Proseguono gli incontri e i colloqui per definire la rosa dei nomi dei nove assessori tra alcune certezze ormai stabilite (Benedetta Squittieri e Enrico Romei) e dettagli e incastri da definire.
Sabato potrebbe essere il giorno giusto per la presentazione della giunta alla città. D’altronde il sindaco lo aveva detto che la squadra di governo sarebbe stata composta senza fretta, ma anche senza eccessive lungaggini per permettere all’amministrazione di rimettersi in moto più velocemente possibile dopo il commissariamento.

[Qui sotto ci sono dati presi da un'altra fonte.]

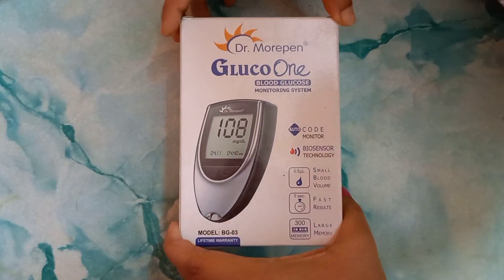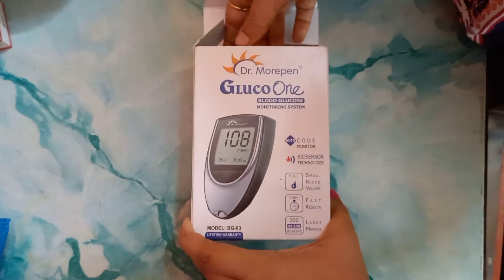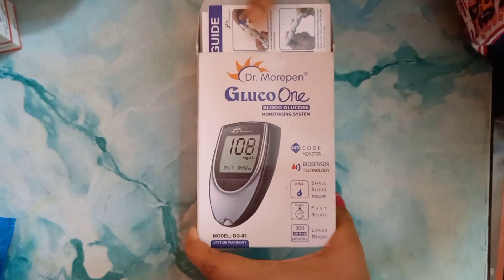Today we are going to show you the Dr. Morpin Gluco 1 blood glucose monitoring system. Its model number is BG03.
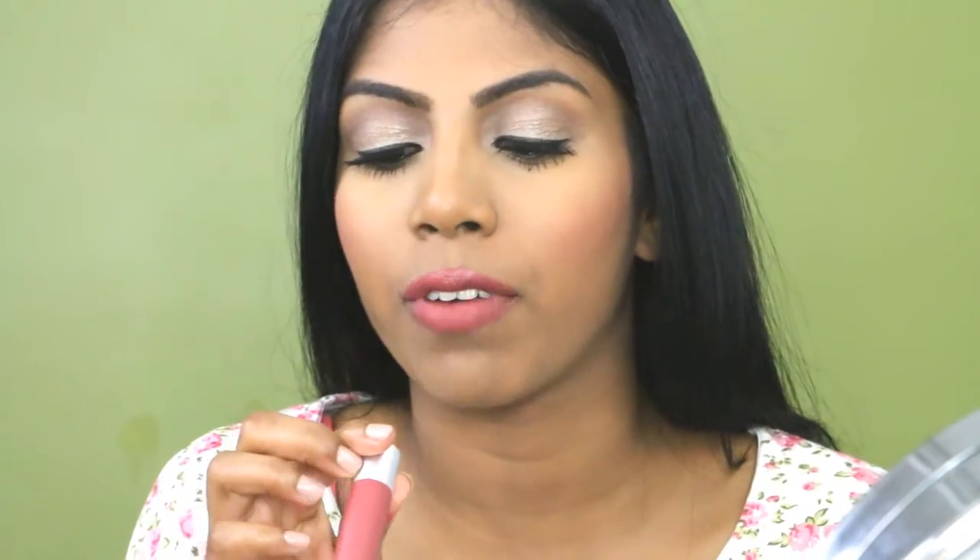The next one I have here is the Matte Balm in the shade 225 Sultry, and this is my favourite one out of the bunch. I really like the colour and the formula. It is matte but not too drying, and it's got that peppermint tingle to it — it smells like mint and it's so cooling on the lips. It suits my skin tone as a nudie, pinky, mauve-y colour. I've just forgotten about it — it was hiding inside — and I think I need to start wearing it more.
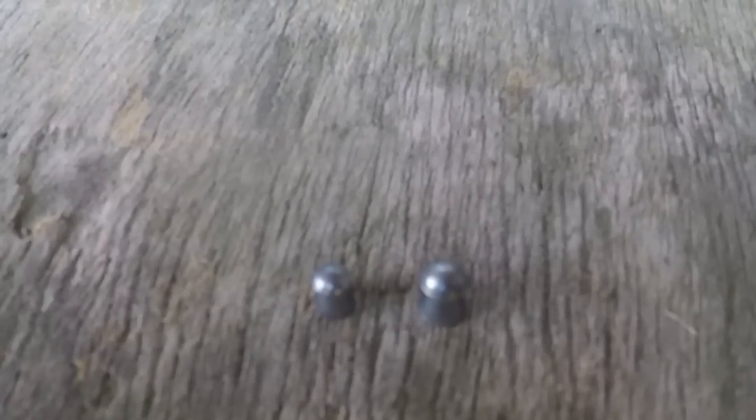Welcome back to Big Dan's Airgun Reviews. Now, the calibre debate. This has been raging on throughout the UK and the rest of the world for absolutely years — which is the better calibre? At least with our power limits: .177 or .22.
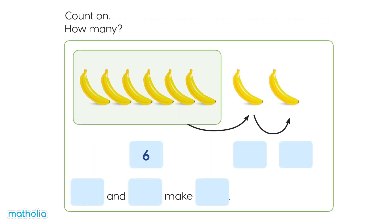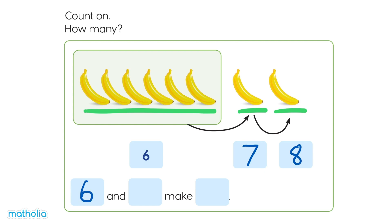Count on! How many? 6, 7, 8. 6 and 2 make 8. There are 8 bananas.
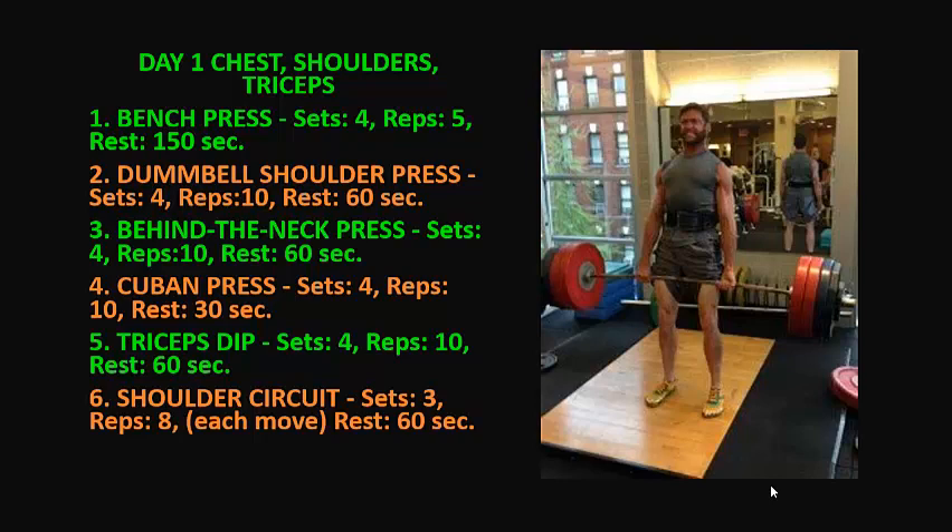3. Behind the neck press: 4 sets, 10 reps, rest 60 seconds. 4. Cuban press: 4 sets, 10 reps, rest 30 seconds. 5. Triceps dips: 4 sets, 10 reps, rest 60 seconds. 6. Shoulder circuit: 3 sets, 8 reps for each move, rest 60 seconds.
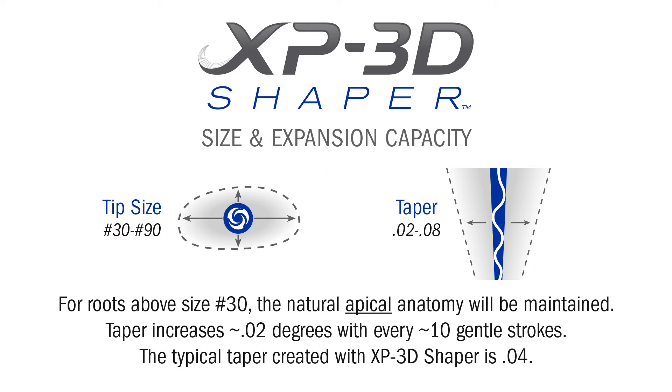The taper created by the XP3D Shaper is based on the number of strokes and will vary based on user preference. The typical taper is 0.04.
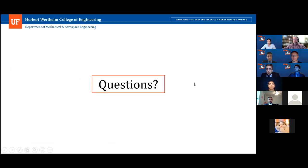Thank you all. Justin will now manage questions. Do we have any questions from our panel?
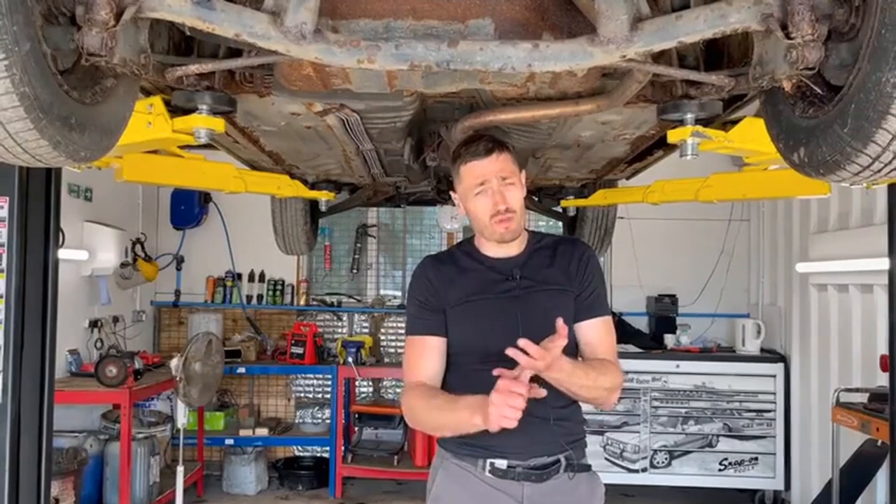So definitely take those things into account — wax oil your Figaro and keep it somewhere dry. If you can keep it inside, do that. It's really sad to see cars get to this condition, but there are things you can do to prevent it. Give us a shout if you need any advice on storage, or if you want to book in and get a wax oil — we do a really thorough job. Cheers.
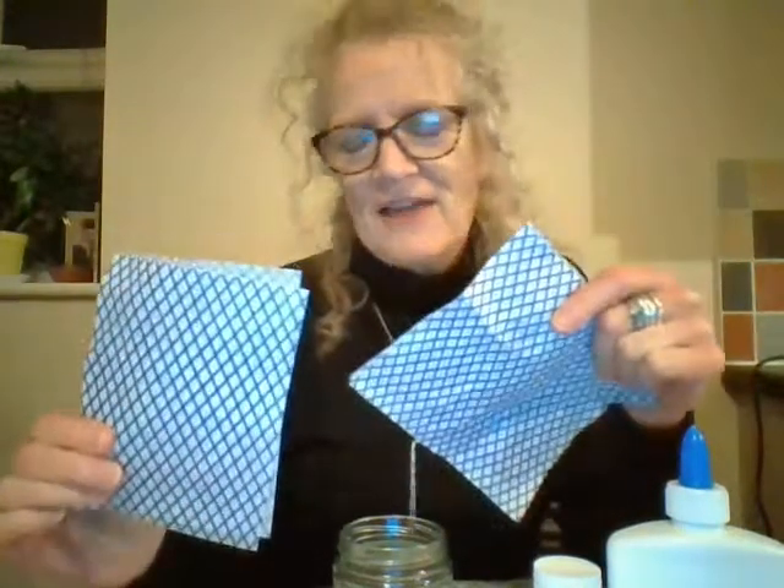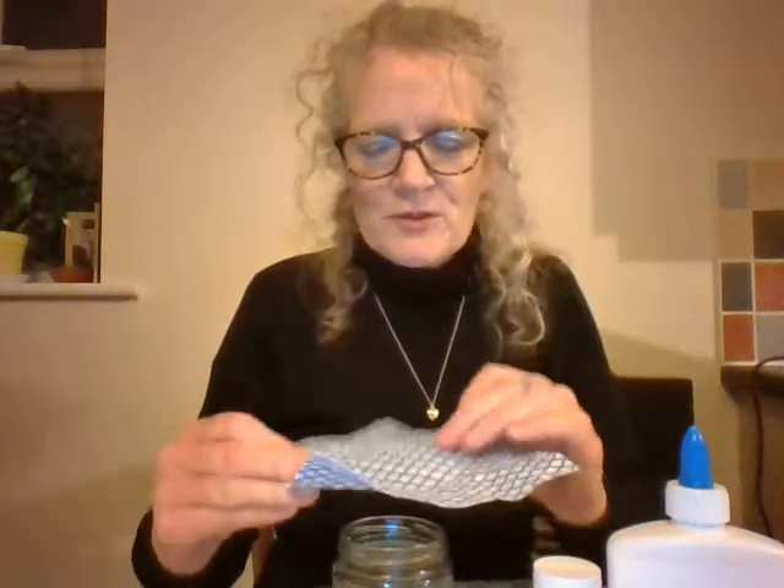So once you've done that, get your jam jar and place — so I made this one last night and I left it to dry. Place it over the jam jar like so and then secure an elastic band around it. Once you've done that, make sure it's really nice and firm, as best as you can get it — stretch it across.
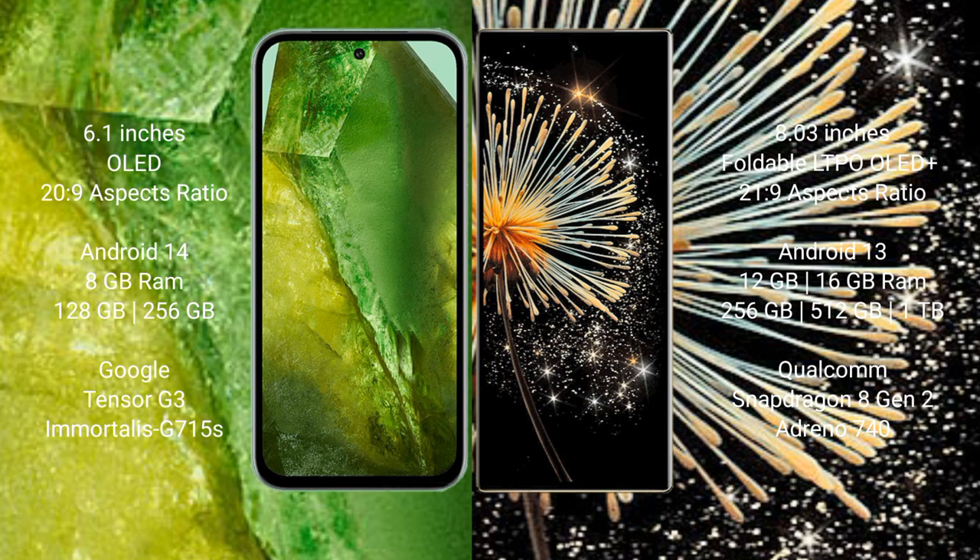The Google Pixel 8a runs on Android 14, while the Xiaomi Mix Fold 3 runs on Android 13. The Google Pixel 8a comes with 8GB RAM and 128GB to 256GB internal storage, powered by a Tensor G3 processor and GPU 15x.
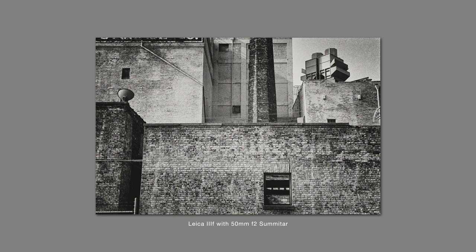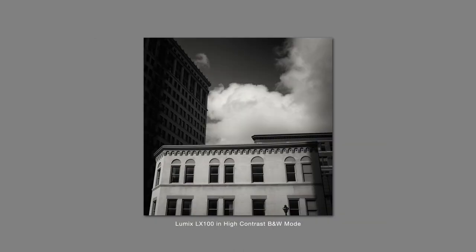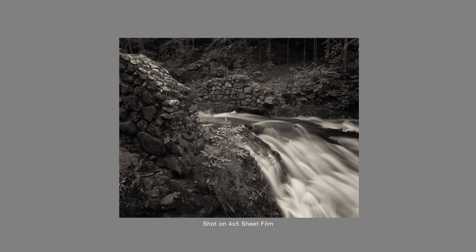Hey, welcome back to the channel. My name is Jim, and today I want to talk about camera gear and how photographers will sometimes obsess about new gear they don't have. For me recently, I've been super intrigued with the Leica monochrome cameras. I'm primarily a black-and-white photographer — I shoot film everywhere from 35mm up to 8x10 — and a monochrome-only sensor just seemed like a really cool thing. I spent way too much time researching it.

Altro dato da non trascurare, che peserà sulla composizione della giunta e anche sulla scelta del presidente del consiglio comunale, è quello legato ai risultati delle elezioni e gli eventuali ruoli per le liste che hanno appoggiato Biffoni, a cominciare proprio dalla civica col suo nome, ma anche il peso delle varie correnti nel Pd, i ruoli di Avs e Casa Riformista. Il tassello che potrebbe sbloccare con effetto domino anche le altre caselle è quello della figura del vice sindaco.
Quanto alle deleghe Biffoni ha espresso l’intenzione di volersi occupare in prima persona delle grandi opere, probabile che possa tenere anche la delega ai rapporti col Plures. I temi della legalità e delle politiche dell’abitare avranno sicuramente spazio tra le deleghe degli assessori. In giunta è molto probabile che ci sia almeno una figura esterna, non legata direttamente ai partiti.
Giovedì 18 intanto è stata programmata la seduta di insediamento del nuovo consiglio comunale. Nella prima assemblea della legislatura, come da prassi, ci saranno il giuramento del sindaco, la comunicazione sulla composizione della giunta, si voterà per l’elezione del presidente e del vice presidente del consiglio comunale e sarà presentato il documento sulle linee programmatiche.